Human Transporters


SGLT2 (sodium/glucose cotransporter 2)

Aliases: None
Gene name:  Solute carrier family 5 member 2 (SLC5A2)


SGLT2 is a member of the SGLT (SLC5) family that contains six SGLT proteins, including SGLT3 which is a glucose sensor expressed in neurons [1]. SGLT2 transports D-glucose with low affinity and high capacity (a KM of 5 mM was detected in HEK293 cells overexpressing SGLT2) [2]. It also transports - methyl-D-glucopyranoside (AMG) with similar affinity, while its affinity for galactose is significantly lower [2]. SGLT2-mediated glucose transport is electrogenic, and coupled with Na+ transport in a stoichiometric ratio of 1:1 [2]. Phlorizin as an inhibitor is an order of magnitude more potent towards SGLT2 than towards SGLT1 (Ki = 10-39 nM vs. 200-300 nM), which makes phlorizin somewhat specific to SGLT2 over SGLT1 [1-4].
SGLT2 is exclusively expressed in the early proximal convoluted tubule and plays a crucial role in glucose reabsorption from the filtrate.
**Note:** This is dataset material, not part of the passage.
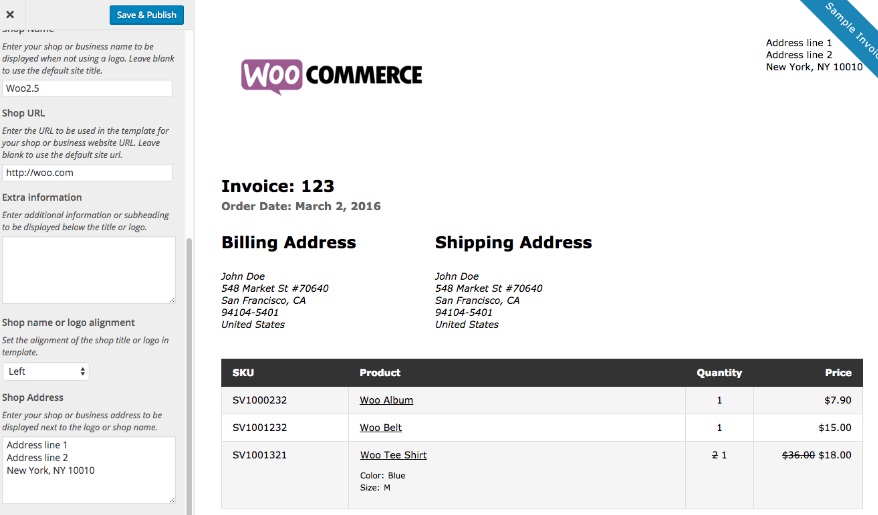 A Sample invoice, generated using Print Invoices and Packing Lists WooCommerce Plugin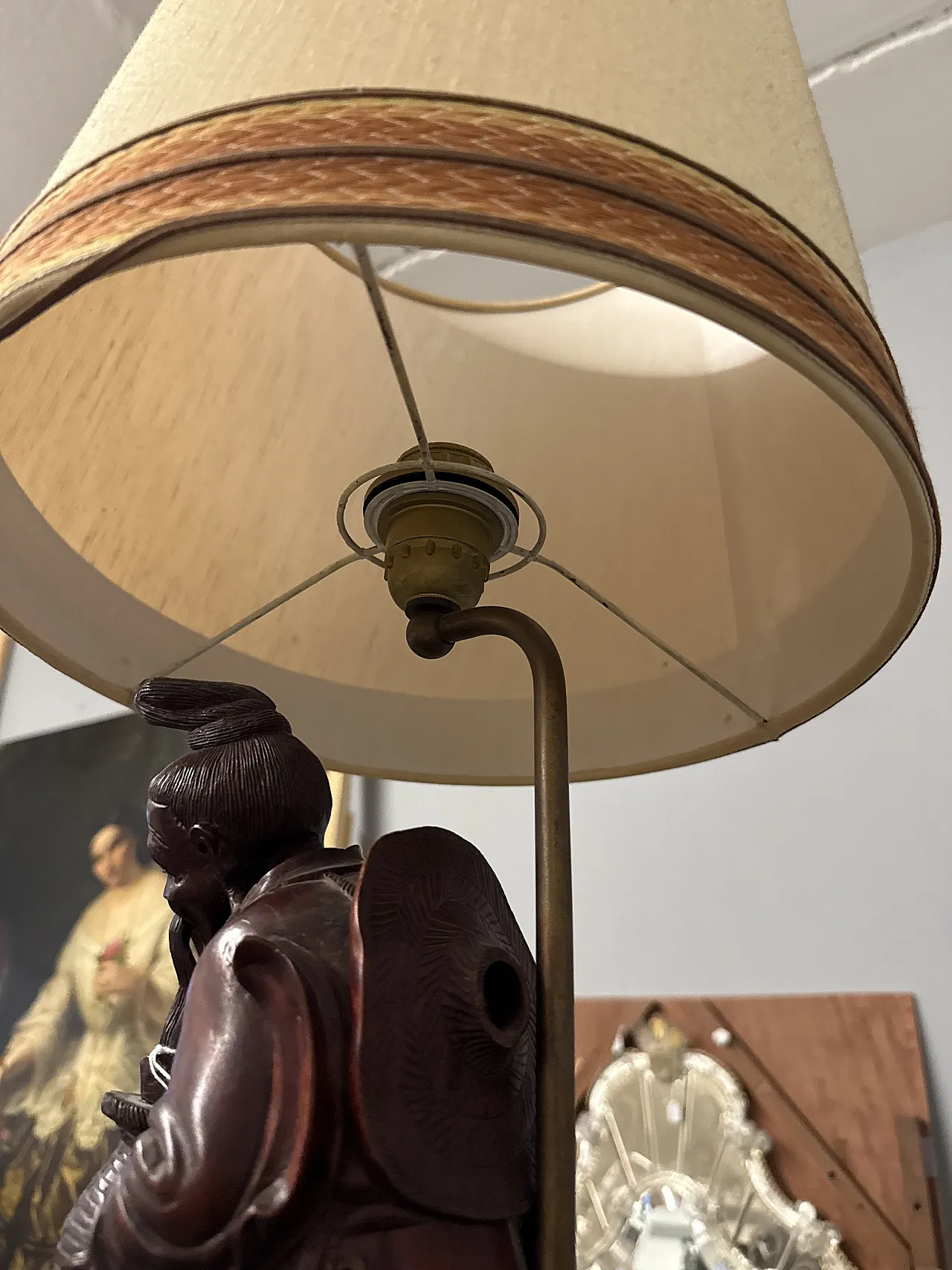 Scultura a lampada in legno cinese personaggio, '900 12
As a prominent contributor to glucose homeostasis, SGLT2 is an important drug target in type 2 diabetes (T2D). Over the past decades, numerous SGLT2-specific inhibitors were developed along the strategy of modifying phlorizin structure to enhance selectivity towards SGLT2. The first SGLT2-specific inhibitor, T-1095, was reported in 1999 [5]. It was followed by canagliflozin, dapagliflozin, and empagliflozin, all of which have two orders of magnitude higher selectivity towards SGLT2 compared to SGLT1. These three drugs are now approved by the FDA for the treatment of T2D as single-ingredient products or in combination with other diabetes medicines such as metformin. Additional SGLT2 inhibitors are in the pipeline, or even in clinical trials. 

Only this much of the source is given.